Early in May the passengers were startled by an apparition far more alarming than any they had yet encountered. On the morning of the eighth, the wind was strong, the rigging was whistling, and the ship was whisking along, when suddenly a fountain of water sprang up, at least thirty feet high, right in front of the bow. The lookouts shouted warning and the passengers rushed to see the biblical sight of “a whale, who lay just in our ship’s way (the bunch of his back about a yard above water).” The captain shouted for the sailors to tack and pushed the wheel hard to windward, but the whale followed them, as though he were lonely and wanted to play. Despite the wonder of such an encounter, the enormous animal could do great damage even to a ship this size. Repeatedly the
Arbella
shifted course, lurching back and forth between starboard and portside tacks, but despite these evasive maneuvers, “He would not shun us,” Winthrop wrote. Finally, for no apparent reason, the giant creature gave up and they passed “within a stone’s cast of him.” He did not follow but lay spouting up water, as though he had had his fill of the game.
27

Although none of the other passengers recorded their interpretation of this episode, they could only have experienced the whale’s presence as frightening, albeit in an exalted sort of way. A leviathan seemed incontrovertible evidence of God’s great might, and such a miraculous appearance suggested that the psalmist’s perspective was accurate: “They that go down to the sea in ships, and do business in great waters, these men see the works of the Lord and his wonders in the deep.”
28
The travelers were now among the select few who had had the opportunity to behold the wonders of God’s oceans.

EVERYONE HAD HOPED
that May would usher in warmer weather, since the first month of the voyage had been glazed by an arctic cold. But as time drew on and the weather remained frigid, it was hard for the passengers not to worry that freezing temperatures lay in wait for them in America.
29
The loss of the blankets and bolsters they had thrown overboard weeks before must have made the chill even more difficult to bear.
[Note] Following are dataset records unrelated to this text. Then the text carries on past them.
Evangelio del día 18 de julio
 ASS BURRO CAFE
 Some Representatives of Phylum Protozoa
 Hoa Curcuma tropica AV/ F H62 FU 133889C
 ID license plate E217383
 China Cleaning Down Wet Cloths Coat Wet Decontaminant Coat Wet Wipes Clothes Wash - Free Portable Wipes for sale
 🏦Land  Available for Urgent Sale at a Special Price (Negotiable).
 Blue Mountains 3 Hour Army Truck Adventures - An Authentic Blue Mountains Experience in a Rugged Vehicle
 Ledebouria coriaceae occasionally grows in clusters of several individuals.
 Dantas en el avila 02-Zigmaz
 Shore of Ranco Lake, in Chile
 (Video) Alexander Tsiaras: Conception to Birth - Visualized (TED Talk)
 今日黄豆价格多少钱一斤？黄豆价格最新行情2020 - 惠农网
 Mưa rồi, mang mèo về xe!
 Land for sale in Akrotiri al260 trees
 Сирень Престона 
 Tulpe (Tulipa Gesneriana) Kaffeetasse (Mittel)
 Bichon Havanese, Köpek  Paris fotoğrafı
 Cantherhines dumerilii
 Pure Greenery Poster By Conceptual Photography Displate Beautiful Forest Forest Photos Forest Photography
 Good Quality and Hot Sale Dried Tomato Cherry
Although they shivered, Anne and her family were learning the ways of the sea. Winthrop could now observe that the passengers were no longer “sick” or “troubled” by storms even when they were “tossed” for “forty eight hours together.” Understandably, both he and Dudley took some pride in the staunch behavior of their people; it would be a weathered and toughened company that would land in America, and this boded well for their colony.
30

But there was still the naturally sinful inclinations of the passengers that had to be kept in check. Dudley and Winthrop required all of the faithful, and as many of the sailors as they could persuade, to listen to the minister, the Reverend George Phillips, who preached most Thursdays and twice on Sundays. These gatherings tended to unite the people, reminding the faithful why they had signed on for this adventure in the first place, and even converting a few non-Puritans to the “true religion.”